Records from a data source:
● ● ● ● ● ● ●

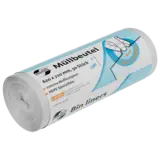 Abfallbeutel Universal plus, 60 Liter, 62 x 72 cm, transparent, HDPE, 40 x 50 Stück im Karton (2000 Stück), Anzahl: 2000 Beutel pro Verpackung, Art.-Nr. 49908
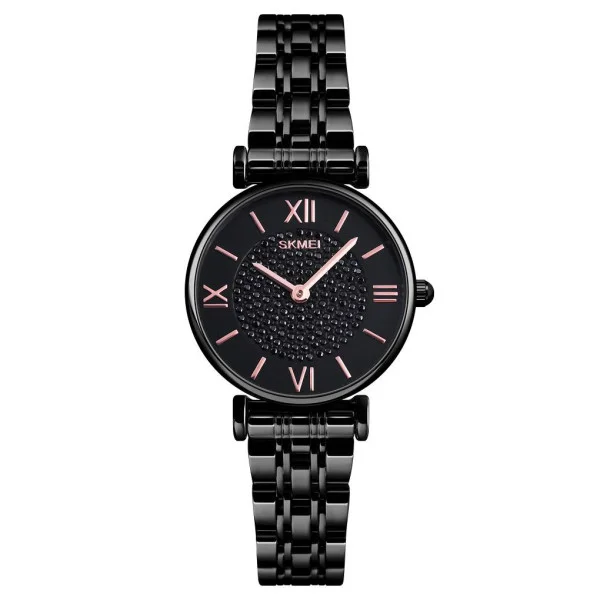 Жіночий годинник Skmei 1533BK Black фото 1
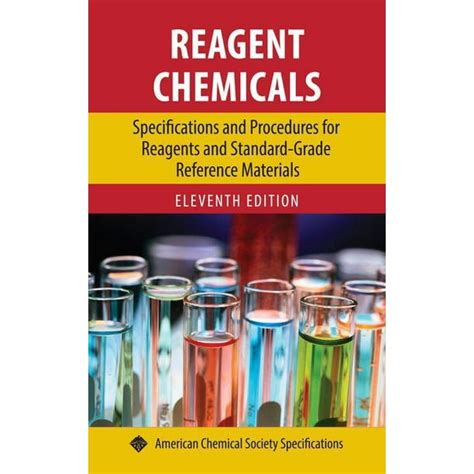 reagent chemicals specifications and procedures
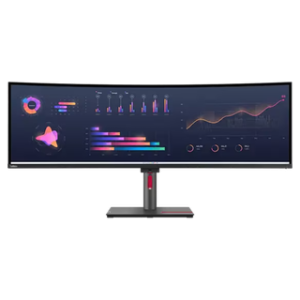 LENOVO Moniteur ThinkVision P49w-20 49'' 36Mois 5K DQHD Curved Monitor with Eyesafe(IPS Black Panel,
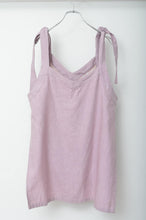 Load image into Gallery viewer, V-NECK TANK_LONG_LINEN 01/PINK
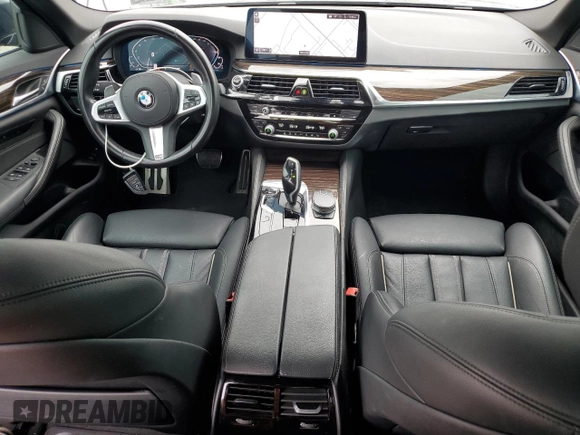 2021 BMW 5 Series 530e with VIN WBA13AG00MCF09677, listed as a Copart auction lot 54907205 with 50,033 mi miles and Salvage title. Bid and sale history available at DreamBid. Image 8.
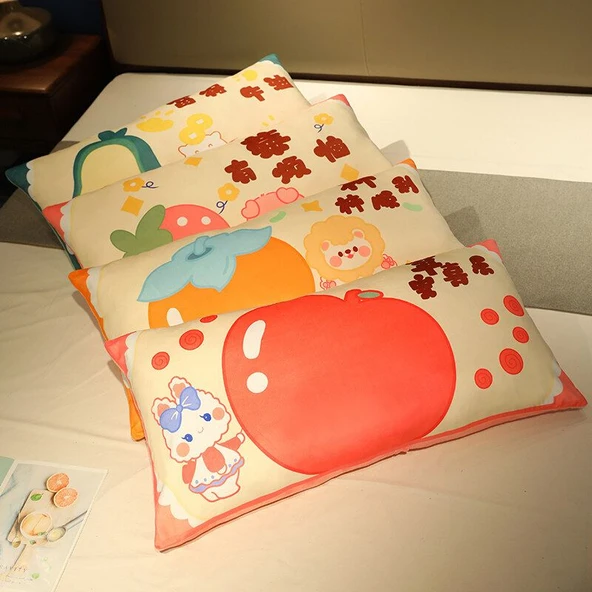 Meyve Desenli Dekoratif Yastık - Fude Niuyou (Kare) 40x40cm - Resim 9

● ● ● ● ● ● ●

DIRECTIONS FOR THIS TASK: Would you copy each line above exactly as given, dropping any images?

EXPECTED OUTPUT:
 Abfallbeutel Universal plus, 60 Liter, 62 x 72 cm, transparent, HDPE, 40 x 50 Stück im Karton (2000 Stück), Anzahl: 2000 Beutel pro Verpackung, Art.-Nr. 49908
 Жіночий годинник Skmei 1533BK Black фото 1
 reagent chemicals specifications and procedures
 LENOVO Moniteur ThinkVision P49w-20 49'' 36Mois 5K DQHD Curved Monitor with Eyesafe(IPS Black Panel,
 Load image into Gallery viewer, V-NECK TANK_LONG_LINEN 01/PINK
 2021 BMW 5 Series 530e with VIN WBA13AG00MCF09677, listed as a Copart auction lot 54907205 with 50,033 mi miles and Salvage title. Bid and sale history available at DreamBid. Image 8.
 Meyve Desenli Dekoratif Yastık - Fude Niuyou (Kare) 40x40cm - Resim 9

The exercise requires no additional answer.